My children walk away from me down our narrow road into the green-gold haze, toward the ice cream promised from the market around the corner. The sky overhead is white, silver and dark gray along the margins, a thunderstorm looming. The air is absolutely still, like the afternoon is holding its breath. A neighbor mows his lawn; I smell cut grass and ozone. Suddenly the sun peeks through and for a moment everything dazzles. My twelve-year-old daughter takes her six-year-old sister´s hand and they begin to skip. I stare after them. They are far enough away I can no longer hear their laughing, their sandals skittering along the twigs on the pavement. I realize I am standing alone in the middle of the street, hand resting on my chest. All of it – the afternoon, the storm, the children – is so beautiful my heart aches. I have forgotten to breathe.
I read an essay in the New York Times this morning, Modern Love, written by a woman who was coping with her husband´s midlife crisis in an atypical way.

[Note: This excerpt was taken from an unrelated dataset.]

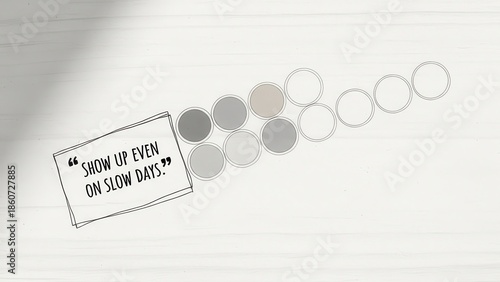 Quote of hope with flowing circles design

Having resolved that she was responsible for her own happiness, and the happiness of her children, and nothing else, she waited her husband out. She waited for him to come around, and surprisingly enough, over the course of the summer, he did. I admired her resolve. I thought her approach was both brilliant and possibly unmasterable. I admired the way she staked off her territory – what she owned, and the vast tracts that were somebody else´s responsibility. I pray for that kind of clarity on a daily basis.
How much of our burden belongs to us? What if we refuse to pick up anything other than the bits that are immutably ours? I peel a mango and slice it thin on a white bone china plate. Mango and warm sticky rice, sitting on the porch, watching the storm clouds dance high above my head. The cicadas are finally here.
It never hurts in any situation to remain calm, and think things through a bit before making any kind of life changing decision. I admire her ability not to freak out when he told her he didn’t love her any more. And she did put a time line on it, so it’s not like she was going to be strung along the rest of her life, waiting for him to snap out of it.
Love the comment about the stable boy, though!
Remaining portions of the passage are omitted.